Luis Enrique e Pep Guardiola pt.2.
Luis Enrique ha cambiato lo stile, ha capito le necessità del club blaugrana e, aiutato dal suo profilo di allenatore duro e irriverente si è auto-spinto a trovare quello che aveva bisogno il Barcellona, cercare un nuovo stile. Finalmente un allenatore ha dimostrato personalità con i suoi giocatori per convincerli che bisognava creare uno stile di gioco che, anche se hanno provato a distruggerlo durante questi due anni, rimane la più adatta ai giocatori della rosa. In un futuro si parlerà dell’era Luis Enrique, il calcio verticale, efficace ed offensivo. 

Ci sono sicuramente situazioni tattiche che possiamo studiare e analizzare, soprattutto estrapolandole dalle ultime partite del Barcellona.

La prima è senza dubbio la sicurezza difensiva. Una rapida transizione offensiva necessita sempre di un’attenzione maniacale dei centrali difensivi. Il Barcellona è riuscito a cambiare un suo deficit difensivo, provocato dai laterali/ale grazie alla formazione di un triangolo quasi impenetrabile ai cui vertici ci sono i due centrali e il portiere. Piquè e Mascherano sono la miglior difesa del campionato, come coppia combinano alla perfezione. Lo spagnolo sta tornando ai suoi massimi livelli con l’aiuto dell’argentino, onnipresente e vero pilastro difensivo della squadra.

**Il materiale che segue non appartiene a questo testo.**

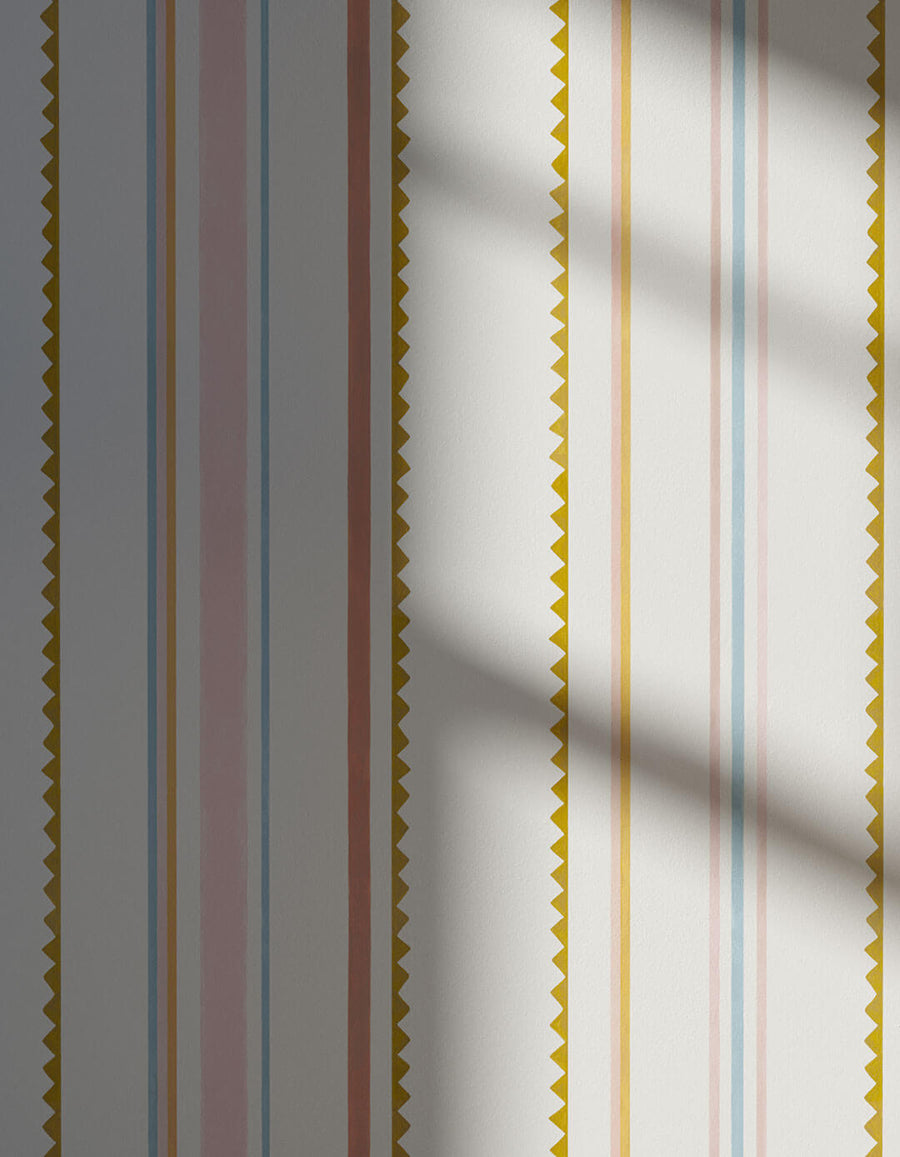 Shadowed wall decorated in ZigZag 02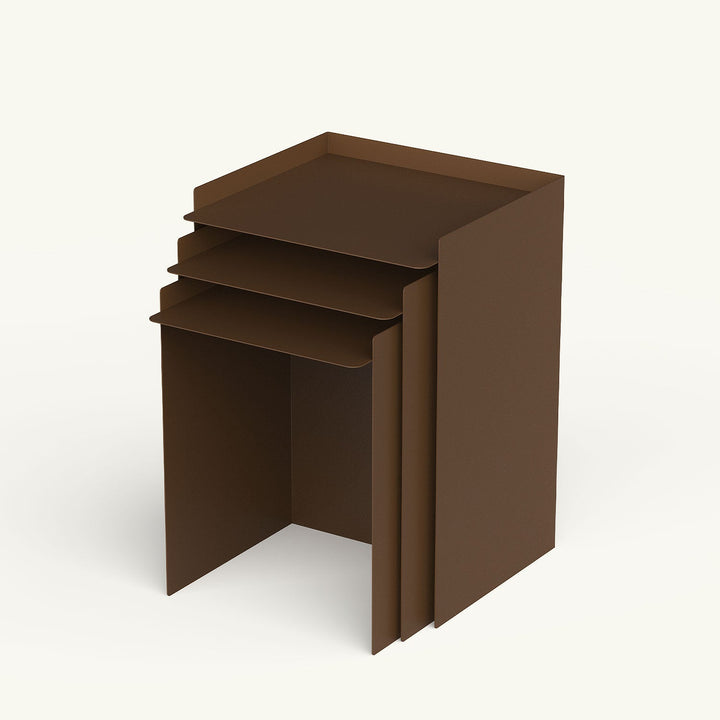 Cube Set of 3  Metal Nesting Table - APM042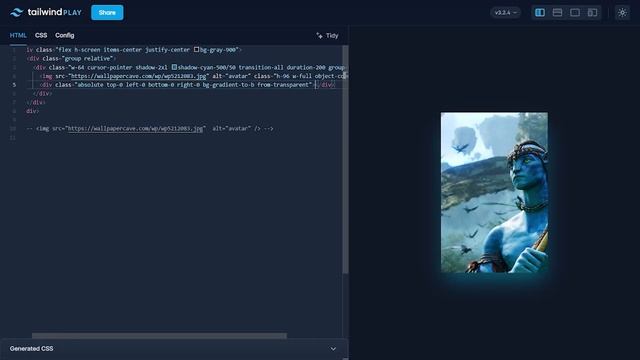 How to create Card animated Hover Effect in Html - Tailwind Css 2022 смотреть онлайн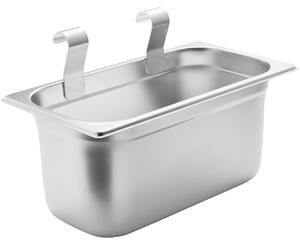 VEGA Bestickhållare Serve för serveringsvagn; 32.5x15x17.6 cm (BxDxH); Silverfärg
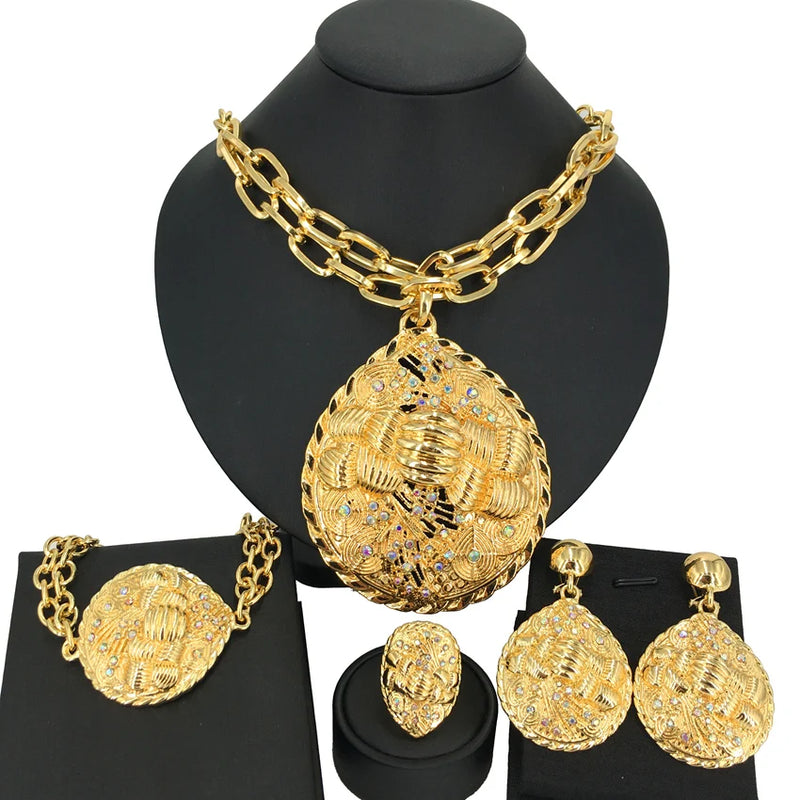 Hot Selling Brazilian Dubai Italian Gold Plated Jewelry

Uscita della palla dalla zona iniziale, sempre in maniera collettiva: centrali che si allargano, laterali aperti, e centrocampista che facilita l'uscita pulita con l'appoggio.
Il tridente offensivo lo possiamo inserire nel secondo fondamento della tattica di Luis Enrique. La ormai battezzata MSN si vede terribilmente favorita da questo nuovo calcio verticale e per questo ha un ruolo da protagonista nello schema culè. Il fattore Messi si sa che è uno dei più importanti per qualsiasi squadra e il Barcellona per questo lo rende il principale finalizzatore di tutte le combinazioni d’attacco, l’argentino sceglie sempre la decisione giusta per finire brillantemente la giocata e a lui si appoggiano due mostri sacri come Neymar e Suàrez. Il brasiliano rompe la difesa rivale costruendo letteralmente spazi con i suoi movimenti, spazi che l’argentino non deve fare altro che vedere. Suàrez appare nell'attacco statico in un modo molto attivo, è riuscito a far suo il ruolo di attaccante centrale interpretandolo attraverso le proprie caratteristiche e una delle giocate più frequente è l’uno-due veloce. Tutti i giocatori blaugrana che si propongono in fase offensiva lo cercano. Ovviamente non dimentichiamo la sua naturalezza nel cercare lo spazio libero quando la difesa rivale finisce per aprirsi ed è proprio lì che si evidenzia la sua fama da killer.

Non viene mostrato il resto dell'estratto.